La Convention cadre pour la protection des minorités nationales a été ratifiée par la majorité des pays du Conseil. La Convention cadre marque la volonté des États signataires de protéger l’existence des minorités nationales et de favoriser la tolérance conformément aux droits de l’Homme. Les États s’engagent aussi à préserver et à développer l’identité des minorités nationales ainsi qu’à en permettre l’expression. La Convention cadre mentionne que la protection des minorités nationales est essentielle « à la stabilité, à la sécurité démocratique et à la paix du continent » comme l’a montré l’histoire européenne.
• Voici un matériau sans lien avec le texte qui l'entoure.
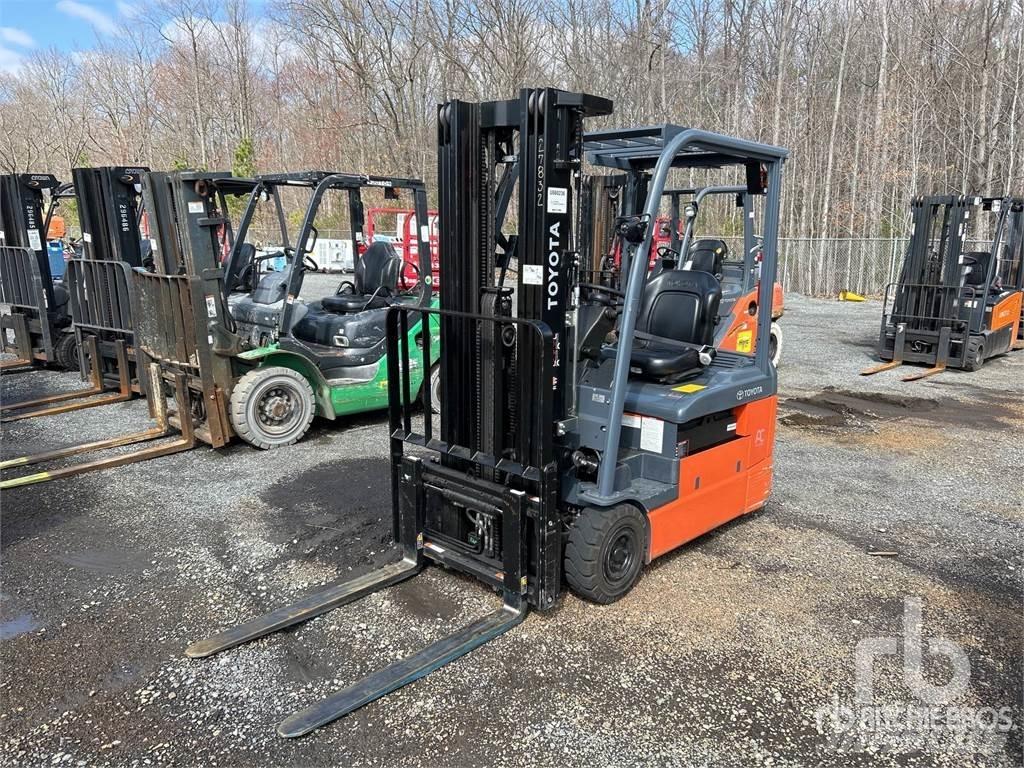 Toyota 8FBE20U Elektriske trucker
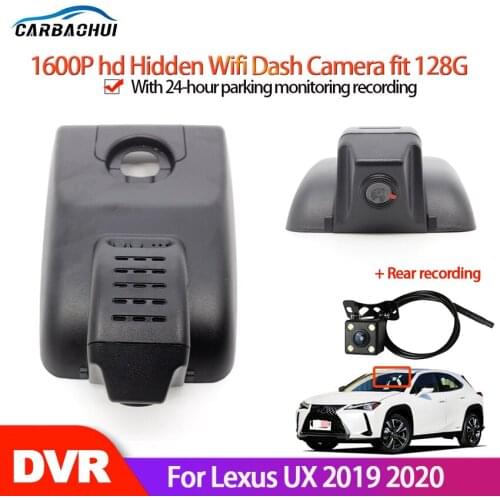 NEW ! Car Wifi Mini DVR Driving Video Recorder Dash For Lexus UX 2019 2020 Novatek 96658 Night vision high quality full hd 1080P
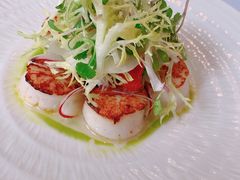 香煎北海道扇贝-蝶舍·MAISON PAPILLON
Le Conseil de l’Europe a également pris en compte la protection des langues de ces minorités et rédigé la Charte européenne des langues régionales ou minoritaires. 24 pays ont ratifié la Charte en s’engageant à protéger et promouvoir les langues régionales (comme le breton ou le corse) et les langues minoritaires (comme l’allemand au Danemark ou le hongrois en Slovaquie). La Charte considère que ces langues menacées font parties du patrimoine culturel européen et demande aux pays signataires de favoriser leur emploi dans la vie privée et publique. Pour cela les États doivent mettre en place certaines mesures : promouvoir ces langues, par exemple avec une signalisation routière bilingue, en favoriser l’enseignement, comme en Roumanie où une division entière du Ministère de l’éducation est dédiée aux Roms, et protéger la population de toute discrimination. Chaque État peut reconnaître les langues qu’il souhaite.

La France a refusé de signer la Convention-cadre et n’a pas ratifié la Charte. Ces refus lui ont valu une condamnation du Conseil de l’Europe. Elle a estimé que ces deux traités étaient contraires à la Constitution française qui stipule que « la langue de la République est le français ». Et elle a ajouté qu’ils n’étaient pas compatibles avec la République « indivisible », selon le Préambule de la Constitution, et le fait que la République ne reconnaisse que le peuple français composé de citoyens sans distinction d’origine, de race ou de religion. Mais la récente loi constitutionnelle, votée en 2008, déclare que « les langues régionales appartiennent au patrimoine de la France » et, d’après la Déclaration des Droits de l’Homme et du Citoyen, chaque citoyen peut parler, écrire et imprimer librement. En tant que pays fondateur du Conseil de l’Europe, il est regrettable que la France ne ratifie pas des textes protégeant les droits de l’Homme. De plus, la France possède des langues régionales qui méritent une protection particulière car sont menacées d’extinction, comme l’occitan, le corse ou le breton.

Certains pays ayant ratifié la Charte et la Convention ne respectent pas leurs engagements. La Slovaquie, par exemple, a interdit l’utilisation des noms de lieux hongrois dans les manuels hongrois et a limité et, dans certains cas, puni, l’usage de la langue hongroise sur son territoire.

Les minorités nationales sont nombreuses en Europe. Elles sont chacune dans une situation particulière, mais tentent toutes de préserver leur culture et leur langue dans un contexte de mondialisation où quelques langues comme l’anglais dominent tous les échanges entre les pays. L’Union européenne offre une tribune à ces minorités dans ses institutions. Le Conseil de l’Europe élabore des textes visant à protéger les droits de chacun. Mais souvent ce n’est qu’au combat des représentants des nations minoritaires que nous devons les mesures qui protègent vraiment des langues et des cultures qui participe du pluralisme du patrimoine culturel européen.